Indecent, expertly directed by Kristin Tripp Kelley, is a multi-layered, beautifully produced play that feels balletic in movement as it explores themes of antisemitism, homophobia, sexism, and political persecution in the first half of the 20th century in Europe and America through the history of Yiddish playwright and novelist Sholem Asch’s play, The God of Vengeance. In the controversial 1906 play, a Jewish brothel owner, attempting to expiate his own guilt, becomes obsessed with his daughter’s purity, purchases a Torah scroll and seeks a marriage between his daughter and a rabbi’s son. When he discovers that his daughter has fallen in love with one of the prostitutes in his brothel, in retribution, he condemns her to that same life.

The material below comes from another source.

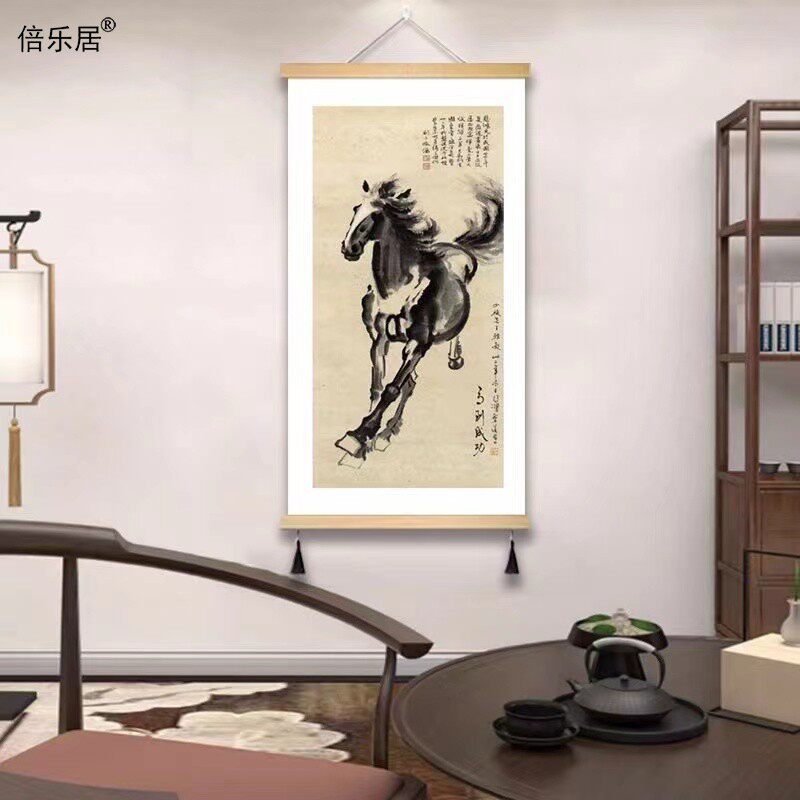 徐悲鸿奔马图挂画-徐悲鸿奔马图挂画促销价格、徐悲鸿奔马图挂画品牌- 淘宝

Written by Pulitzer Prize winning playwright Paula Vogel, Indecent is at once personal and universal. It traverses the joys and triumphs of Asch’s play, from the capitals of Europe, to its vilification in the American Orthodox Jewish community in the 1920s, the subsequent arrest of the cast and producer for indecency, the horrors of the holocaust as the play is produced by starving Jews in an attic in the Lodz ghetto in the 1940s, and to Asch’s encounter with the McCarthy anti-communist hearings in the 1950s. Each era is personalized by stories within the story, of people involved with the play, revealing changing cultural norms.

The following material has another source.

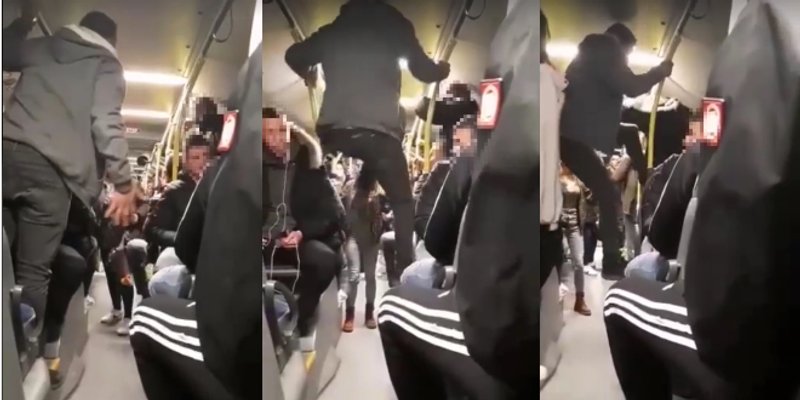 NEVIĐENA AGRESIJA U prepunom autobusu odvalio ga nogom u glavu: 'Dopašu raspali, sam si tia batina! Začepi!'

While serious in subject, Indecent is brimming with humor and light touches as the cast sing, dance, and tell stories. Through Jewish music and dance, German cabaret songs a la Marlene Dietrich, American musical numbers including a nod to the Rockettes, and even the delightful series of bows taken by the cast of The God of Vengeance, the passion and love of life of the Jewish people are celebrated in Indecent.
As cast members sit on mismatched wooden chairs upstage, a man named Lemmle (Jordan Levin) acts as Stage Manager, standing downstage to explain what will transpire as the play progresses. Actors move on and off the stage, sit in the chairs or on upturned suitcases, go into the dimly lit open wings to change costumes hanging on a rack, become a different character with a different accent. Musicians, led by Musical Director Joseph Donohue III, sit in the wings stage right when not partaking in the action center stage. Choreographer Lynne Kurdziel Formato has created a fluidity of movement by the cast, who seem to be in constant graceful motion. Dialect coaches Amanda L. Sharpe and Saul Elkin have done a great job fine-tuning accents, which are a very important element in the play.

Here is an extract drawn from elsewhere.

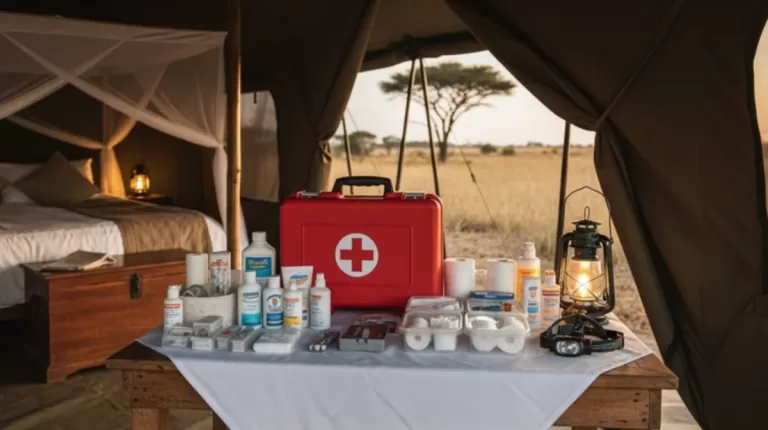 First Aid in Remote Safari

Playing a variety of roles, the cast is superb. Aleks Malejs as the prostitute and Arin Lee Dandes as the virgin daughter have very good chemistry and are charming in the famous rain scene from The God of Vengeance. Both play other roles, as well. Adam Yellen has two very fun comic turns as a pimp and the playwright Eugene O’Neill, in addition to his more complex role as the young and middle-aged Sholem Asch. Peter Palmisano has some funny moments in the German cabaret in addition to his role as the obsessed brothel owner. Matt Witten, Debbie Pappas Sham, Saul Elkin, and musicians Maggie Zindle, Megan Callahan and Benjamin Levitt round out the fine cast.
The themes in Indecent are as relevant today as they were in 1906, and the stories it tells capture both the depravity and the beauty of the human spirit in a powerful and engaging evening of theater.
A collaboration between the Kavinoky Theatre and Jewish Repertory Theatre of WNY, Indecent is at the Kavinoky Theatre through March 29th.